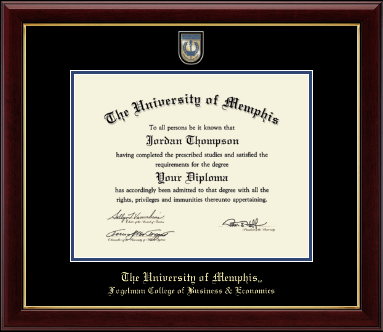 The University of Memphis diploma frame - Masterpiece Medallion Diploma Frame in Gallery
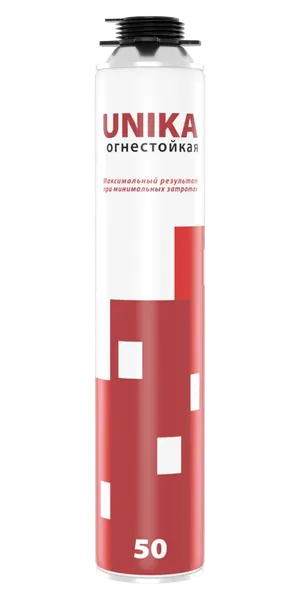 Пена монтажная UNIKA 50 огнестойкая 750мл
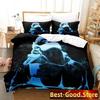 Set Biancheria da Letto Duo Rap PNL Stampato in 3D Set Letto Stampato con Federa Copripiumino Morbido Singolo Matrimoniale Queen Super King Size Ragazzi Adulti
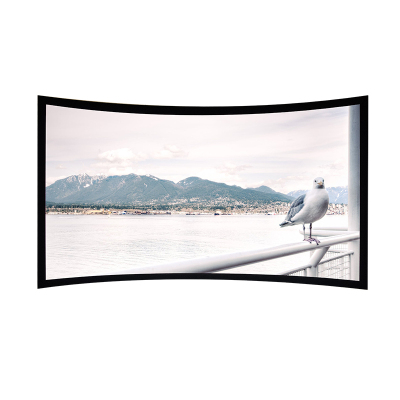 经科JK弧形画框幕布窄边框HB-CW2高分子高增益复合幕150寸16:9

» **Task requirements**: Skip the pictures and write out exactly the lines from the line containing "Set Biancheria da" through the end of the listing above.

» **Solution**:
 Set Biancheria da Letto Duo Rap PNL Stampato in 3D Set Letto Stampato con Federa Copripiumino Morbido Singolo Matrimoniale Queen Super King Size Ragazzi Adulti
 经科JK弧形画框幕布窄边框HB-CW2高分子高增益复合幕150寸16:9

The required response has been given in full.